A preocupação da equipe econômica é limitar o alcance do socorro para evitar impactos descontrolados nas contas públicas. Por isso, as propostas em análise priorizam produtores que enfrentaram perdas recentes causadas por eventos climáticos adversos ou mudanças no mercado.
O que propõe a Medida Provisória?
Entre as alternativas discutidas pelo governo para a composição da MP, estão o alongamento dos prazos de pagamento, que podem chegar a até oito anos, com um período de carência inicial de dois anos. Além disso, estuda-se a redução das taxas de juros para algumas linhas de crédito.
Os pontos que devem compor a proposta incluem um teto de até R$ 8 milhões por renegociação. O foco seria o enquadramento de produtores afetados por intempéries climáticas, sem necessariamente considerar a perda de renda. As taxas de juros propostas variam entre 6% e 12%.

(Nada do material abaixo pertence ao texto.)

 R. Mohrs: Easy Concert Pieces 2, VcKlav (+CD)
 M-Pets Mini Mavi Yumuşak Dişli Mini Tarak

Outra possibilidade em análise é a criação de mecanismos de garantia com participação do governo para facilitar o acesso a novos financiamentos para o setor.
Divergência com o Congresso
No Congresso, o cenário é de disputa sobre a dimensão do programa. Senadores defendem uma solução mais abrangente do que a que está sendo desenhada pela Fazenda. O texto aprovado pelo Senado prevê limites de crédito de R$ 10 milhões por beneficiário e até R$ 50 milhões para cooperativas.
A proposta do Senado também sugere juros entre 3,5% e 7,5% e prazos de até 13 anos, com dois anos de carência. Para os parlamentares, o enquadramento deve considerar produtores que comprovarem perda de no mínimo 30% da renda bruta em pelo menos duas safras entre 2019 e 2025.
O líder do governo na Câmara, Paulo Pimenta, afirmou que há uma divergência conceitual, defendendo que as medidas atendam apenas produtores atingidos por eventos climáticos. Já o presidente da FPA, o deputado Pedro Lupion, destacou que os parlamentares não pretendem abrir mão do texto aprovado pelo Senado, que inclui o enquadramento por perda de renda.